EDINBURGH Woollen Mill Group has been granted another two weeks to come up with a rescue plan.
But a company spokesperson said the whole 10 days may not be needed if talks with potential buyers of some of the brands come to a successful conclusion.
The fact the High Court had granted the extension was a positive step. If there had been no hope, the court would have appointed administrators.
There had been a lot of media speculation over the sale of parts of the business and there was interest.
Depending on how this progressed, there might be an announcement ahead of the 10-day deadline on the outcome to the situation.
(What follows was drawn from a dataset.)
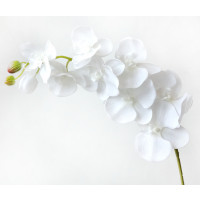Bílá orchidej s pogumováním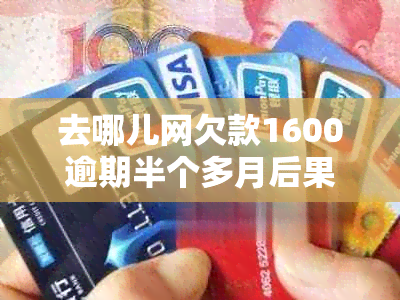 去哪儿网欠款1600逾期半个多月后果分析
The group operates Edinburgh Woollen Mill, along with Jaeger and Peacocks and several other brands. About 24,000 jobs are at risk, including employees in Eskdale and Liddesdale.
The proposed deal would not include the Edinburgh Woollen Mill chain, which could be liquidated unless a buyer was found, according to Retail Gazette.
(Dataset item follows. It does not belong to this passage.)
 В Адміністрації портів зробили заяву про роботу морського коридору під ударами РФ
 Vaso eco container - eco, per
It has started closing 50 stores affecting 600 jobs, while it works on securing backing for the rest of the business.
It’s believed there is interest in the Peacocks and Jaeger brands, particularly.
It’s also believed another 100 to 150 stores across the company are being earmarked for closure while talks continue with landlords.
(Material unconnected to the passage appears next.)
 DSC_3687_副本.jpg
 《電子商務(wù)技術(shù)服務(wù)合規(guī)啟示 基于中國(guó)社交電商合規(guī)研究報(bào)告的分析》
Billionaire Philip Day, who owns Edinburgh Woollen Mill Group, is reported to be trying to save Peacocks with a capital injection from a US hedge fund.
Discussions on the sale of Peacocks were hit by a new lockdown in Wales. The group’s headquarters and distribution centre are in Cardiff.
Staff were told that the national and local lockdowns had hit sales heavily.
The company had made good progress on its plans but there would be changes, including a significant number of store closures.
According to Drapers magazine, the group has reportedly set aside several stores in its UK portfolio for permanent closure.
It has permanently closed its stores in Penrith in Cumbria and Dingwall in the Scottish Highlands.
Stores in Andover in Hampshire, Oswestry in Shropshire and Newbury in Berkshire have left “closing down sale” signs in their shop windows.
Meanwhile, Peacocks stores in Acomb in North Yorkshire, East Dereham in Norfolk, Ryde and Shanklin on the Isle of Wight, Washington in Tyne and Wear, and the Bonmarché stores in Newcastle upon Tyne also have “closing down sale” signs displayed.
The group has 1,100 stores in its portfolio.
Over the weekend Mike Ashley’s Frasers Group expressed an interest in acquiring Jaeger, Austin Reed and Jacques Vert to boost the group’s portfolio.
Last week it was reported that TM Lewin’s parent company Torque Brands, Simba Sleep co-founder James Cox and Jaeger’s former owner Harold Tillman were among the bidders for Jaeger.